*** Records for this task ***
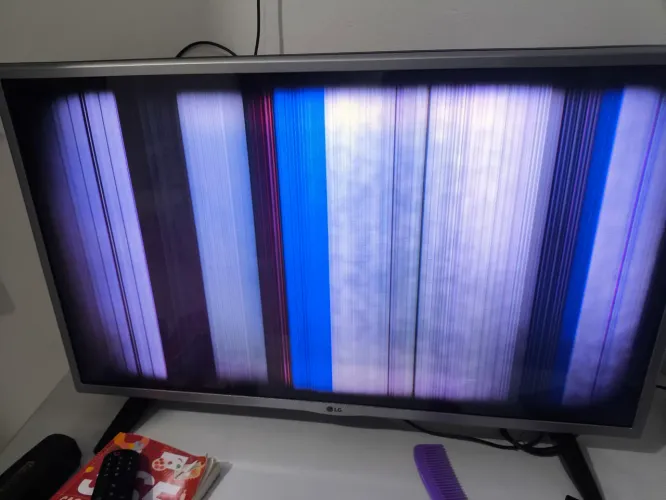 Tv LG 32 polegadas pra retirada de peças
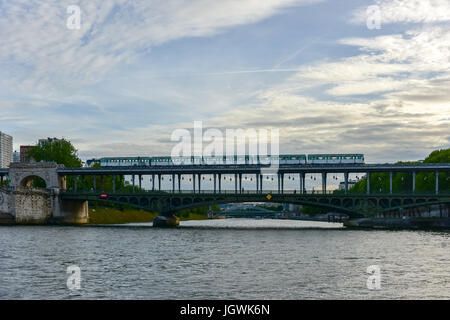 Trainieren Sie, vorbei am berühmten Pont de Bir-Hakeim-Brücke über den Fluss Seine in Paris, Frankreich Stockfoto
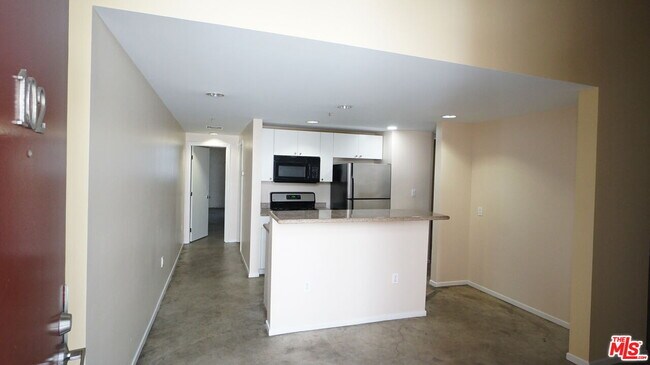 Building Photo - 922 W 23rd St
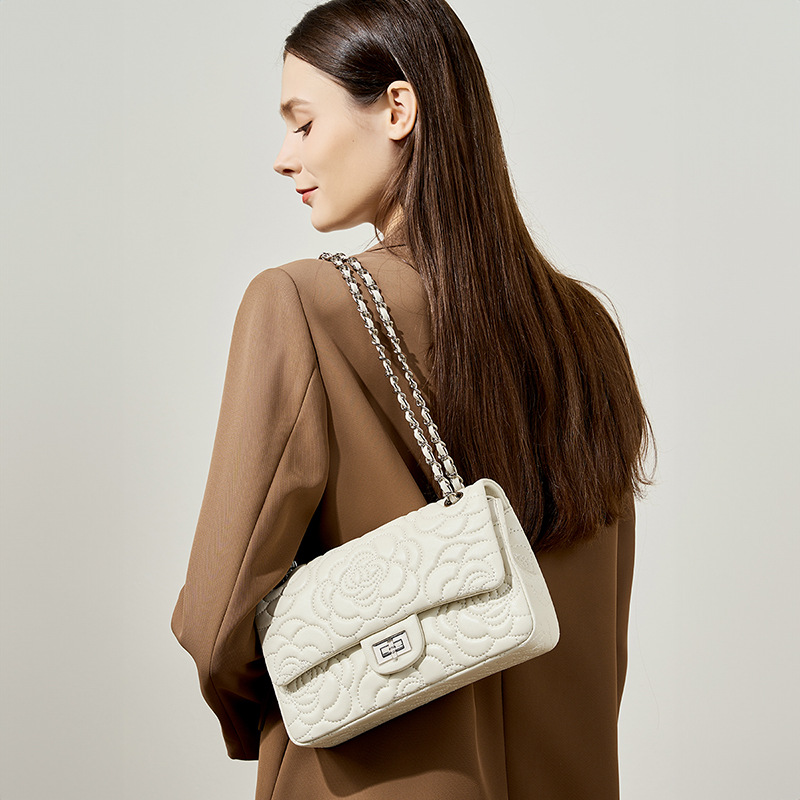 Top Grain Highland Lammfell Um – Chain Crossbody Quilted Bewertung und Preis
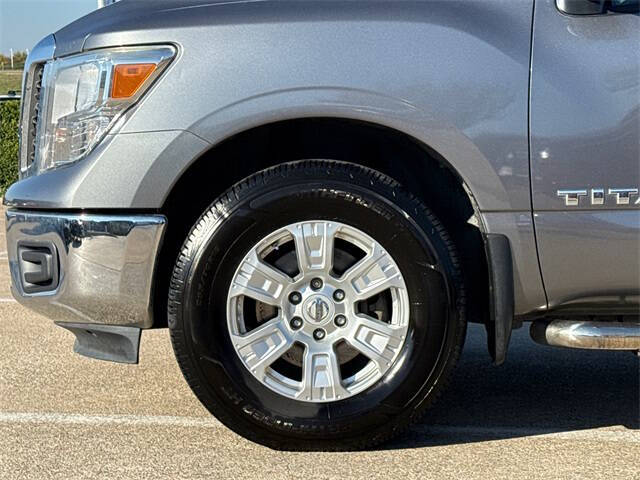 2018 Nissan Titan SV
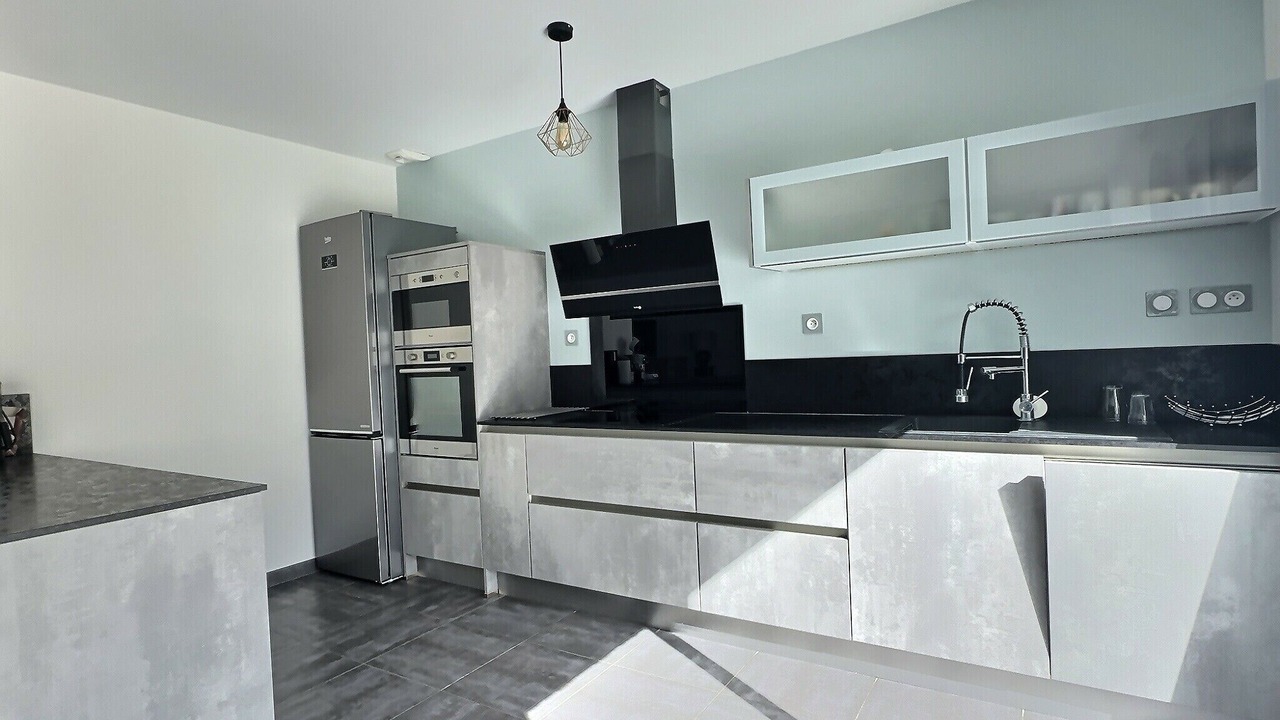 Photo of Kitchen in Saint-Paul-en-Born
*** End of Records for this task ***
**What is required**
Reproduce the data in full. Do not carry over any picture.

**Answer below**
 Tv LG 32 polegadas pra retirada de peças
 Trainieren Sie, vorbei am berühmten Pont de Bir-Hakeim-Brücke über den Fluss Seine in Paris, Frankreich Stockfoto
 Building Photo - 922 W 23rd St
 Top Grain Highland Lammfell Um – Chain Crossbody Quilted Bewertung und Preis
 2018 Nissan Titan SV
 Photo of Kitchen in Saint-Paul-en-Born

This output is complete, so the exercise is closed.